Tried again with ‘Welshman’ and stopped in sudden fear that Plaid
Cymru Leader, Leanne Wood and Arfon Jones the ineffective police
commissioner of North Wales might leap upon me. Like they leapt upon Ron
Liddle. The Times Columnist had waded into the row over the renaming of the
Severn Bridge in his usual provocative style:
“The
Welsh, or some of them, are moaning that a motorway bridge linking their
rain-sodden valley with the First World is to be renamed the Prince of Wales
Bridge.
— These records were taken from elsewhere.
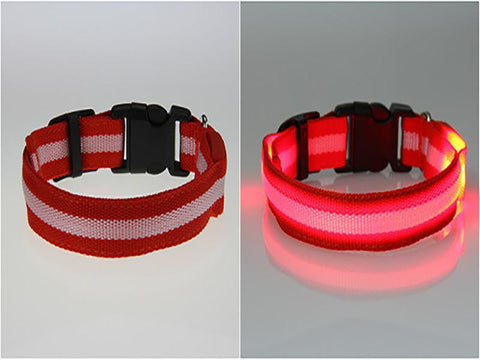 Night Safety Flashing LED Dog/Cat Flashing Light Nylon Collar | VIVOCO Online Shop                                                                            
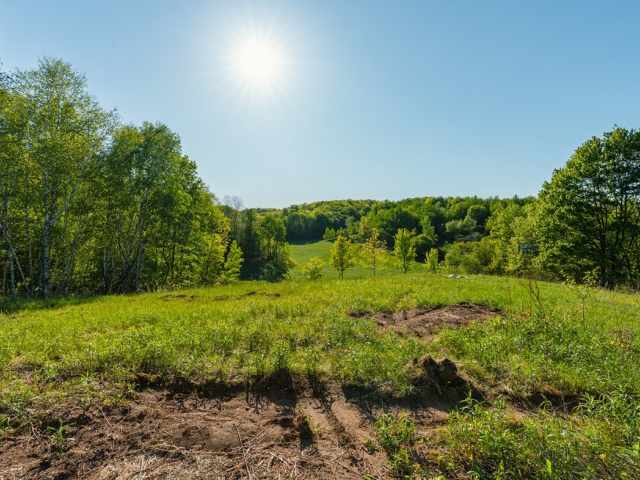 Boyceville Land Real Estate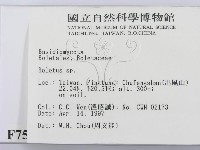 登錄號:F0007516藏品圖，第2張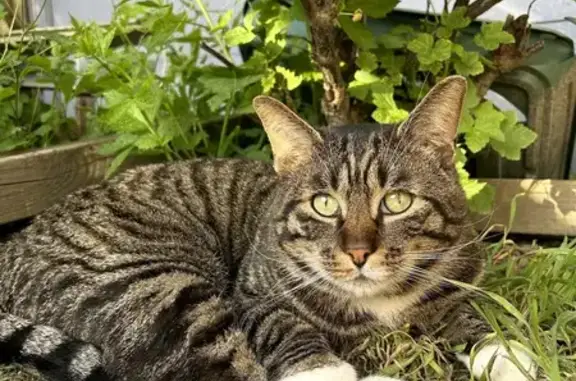 Chat craintif disparu : collier rose fuchsia - photo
In honour of the venal, grasping, deranged (if Tom Bower’s new
biography is accurate) heir to the throne.
“That
Plaid Cymru woman who is always on Question Time has been leading the protests.
They would prefer it to be called something indecipherable with now real
vowels, such as Ysgythysggymlngwchgwch Bryggy.
“Let
them have their way. So long as it allows people to get out of the place
pronto, should we worry about what it’s called?”
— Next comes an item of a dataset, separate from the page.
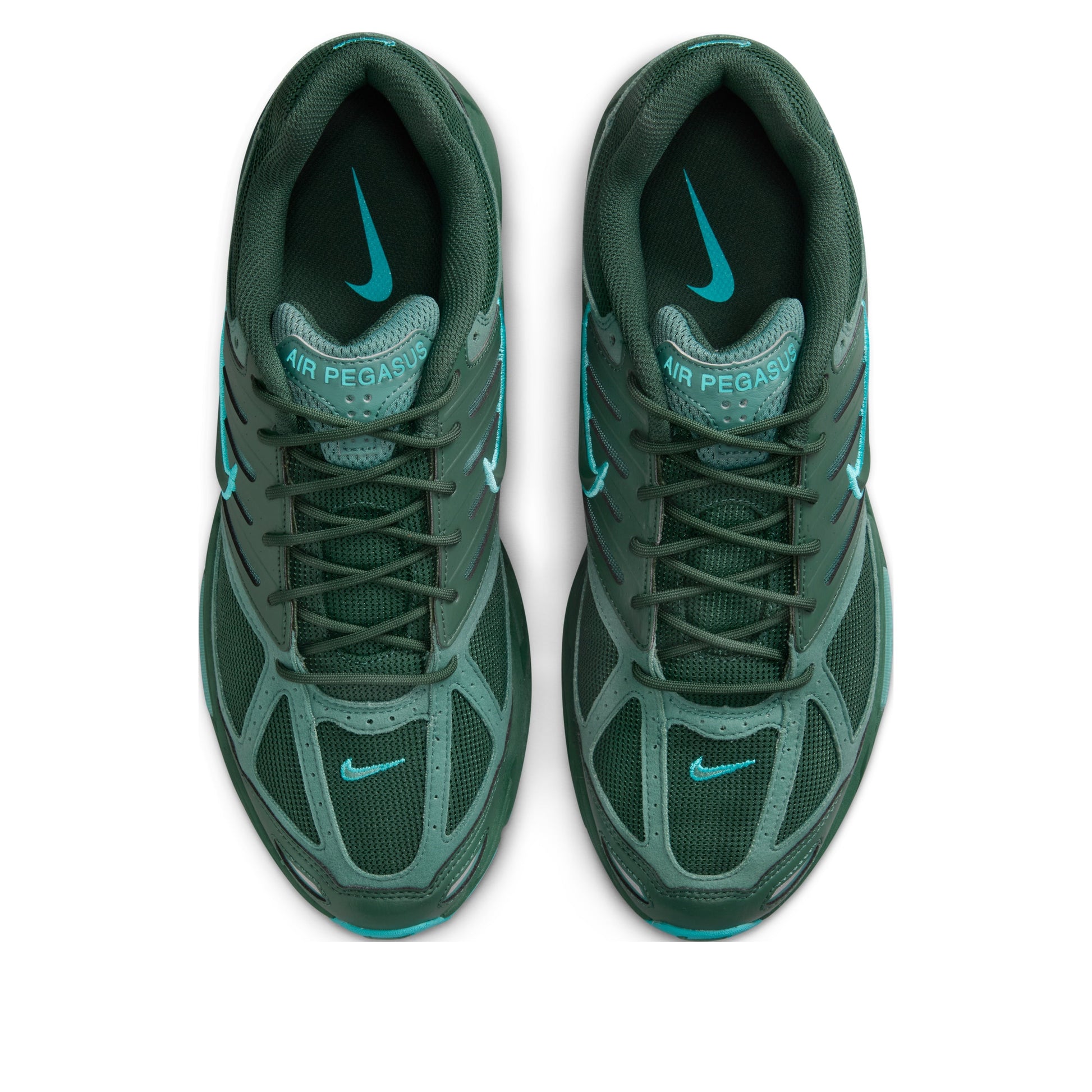 Nike Air Pegasus 2K5 'Fir Bicoastal' FZ7354-300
The North Welsh police reluctantly
concluded that Liddle had broken no law —a nicety for the North Wales police
and crime commissioner, Arfon Jones. Liddle’s column was not just ‘offensive and irresponsible’ but ‘morally repugnant and an
absolute disgrace’ and should not be allowed. The Welsh Language
Commissioner agrees, arguing that ‘offensive comments
about Wales, the Welsh Language and its speakers are ‘totally
unacceptable,’ and that something must be done to ‘stop these
comments . . . Legislation is needed to . . . prevent language hate.’
It’s the curse of our time, words
and thoughts cordoned off by cultural nods, nudges and winks. In Oscar Wilde’s
day there was only one crime that ‘dared not speak its name’ Now
they’re proliferating by the minute. Opaque curtains limiting
thought.
I changed to backstroke and
returned to the rhyme.
So, not a Welshman. ‘A Liddle’ then. ‘Catch
a Liddle by the toe.’ But did I want to incur the great man’s
wrath? Did I want to be the subject of his next column?
And then I had it, or thought I
had. ‘Catch a fascist by the toe.’ Who
could object to that? But then...didn’t that make them kind of vulnerable,
endearing even in their helplessness?
Language is a slippery business. If
we were to chant ‘Catch a baby by the toe,’ you
again have something endearing, something quite cute. And this highlights the
double-edged sword of the euphemism. We never abort babies. Such is an accepted
fact, a shibboleth. We abort ‘foetuses’ and thus
the ‘procedure’ becomes socially acceptable. And yet how come the
chant ‘Catch a foetus by the toe’ sounds
infinitely chilling?
On my 25th length, I finally
had it sorted. ‘Catch a Kardashian by the
toe’. No offence there, so long as their bottoms looked good.
1 comment:
There have been times I've had a song stuck in my head, but I rarely make up new lyrics.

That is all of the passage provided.